校医专门派人到药店把药取回,然后将药送到我们辅导员手里,并要求辅导员在班里找几个靠得住的同学监督高升同学按规定吃。主要怕肌肉哥吃过一次以后上瘾了,把剩下的一下全吃了。
辅导员把这个监督任务交给了徐大姐。徐大姐上大学前是公社的半个赤脚医生,知道怎样吃这种药疗效更好。她建议高升同学把大烟花荷苞先用水煮,不放任何其它东西。开锅十几分钟然后再把挂面放进水里煮,然后将面条、汤和煮过的花荷苞一起吃下肚去。她说,这样吃,药物在肚子里停留时间长,疗效最好。

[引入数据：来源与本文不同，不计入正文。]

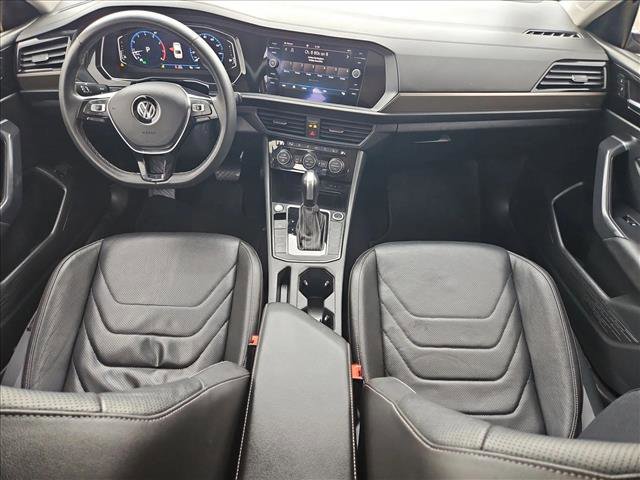 Used 2021 Volkswagen Jetta SEL Premium image 19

肌肉哥平时吃食堂,自己不做饭,没有炉子和锅什么的。我有煤油炉和一个小锅,刚好又和徐大姐住一个寝室。徐大姐就借我的炉子和锅,给肌肉哥煮药和面。这样,她也便于监督。
第一天煮药时,我看见那花荷包黑乎乎、灰蒙蒙的,觉得没啥好奇的。不信那东西有啥好吃的,还会上瘾。心想校医有点太大惊小怪了。

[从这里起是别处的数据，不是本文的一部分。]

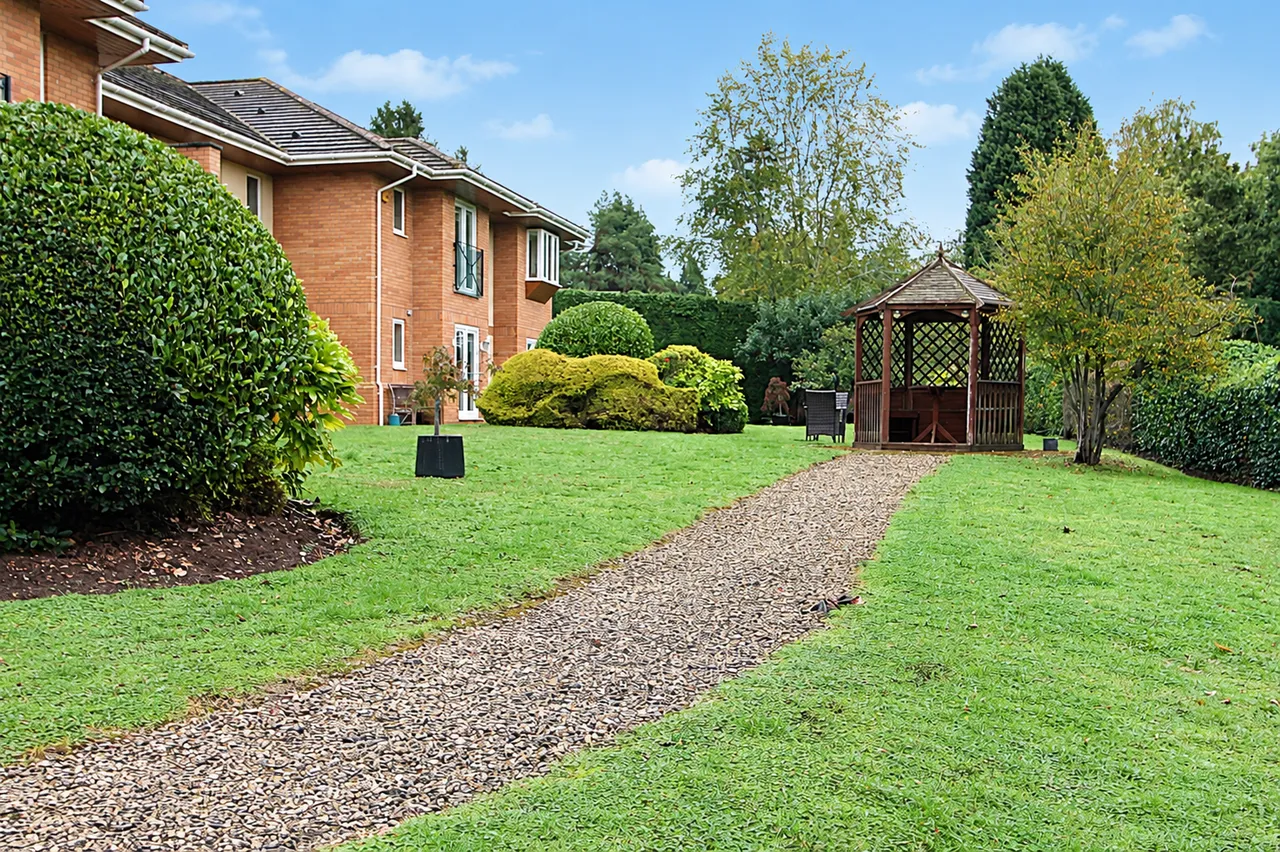 Oldnall Road, Kidderminster, photo 15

肌肉哥第一天吃大烟花荷苞汤干煮面时,好像也是难以下口。记得那是午饭。
晚饭时,肌肉哥早早就来到我们寝室,等着徐大姐给他煮面。
我问他,不放一点盐,干吃面汤,好吃吗?
他犹豫了一下说,反正吃完了觉得很舒服,还想吃。
本来,知道那黑乎乎的大烟花荷苞是做鸦片的原材料之一后就觉得有点好奇。听了他的话后,就更想试一试。好在因为天热,本来七个人的寝室,四个本市人都回家住了,只剩下徐大姐、曲三姐和我。徐大姐肯定是一口不沾。三姐和我每人尝尝也不会影响高升同学的药量。于是,第二天晚饭时,三姐和我都尝了尝面条汤。
汤在口里时,没啥感觉,只是觉得有点苦丝丝的。但是,过了一小会就觉得身上很舒服,确实有想再吃一口的欲望。
第三天和第四天,三姐和我几乎是跟肌肉哥抢面条汤喝了。多喝几口后感觉就大多了。心里油然而生了一种从未有过的舒畅,脑子里好像是空的,身体上也没有了痛和累的困扰,有的只是飘飘然的感觉。也有点怕。怕什么?不知道。 当时,只想依偎在某个人的怀里,任何人都行,静静地呆一会。三姐倒是哭了后去静静地睡觉。我没问过她为何哭。大概是喝过面条汤后内心产生了一种解脱,不再去想她和男朋友之间的纠结乐吧。
八个花荷苞很快就吃完了。我真想让肌肉哥再多拉几天肚,好继续第二个疗程。但是,他的病居然就好了。
这就是我们那时一起吸毒的经历。当时的感觉很奇妙,以后再也没有过,也永远忘不掉了。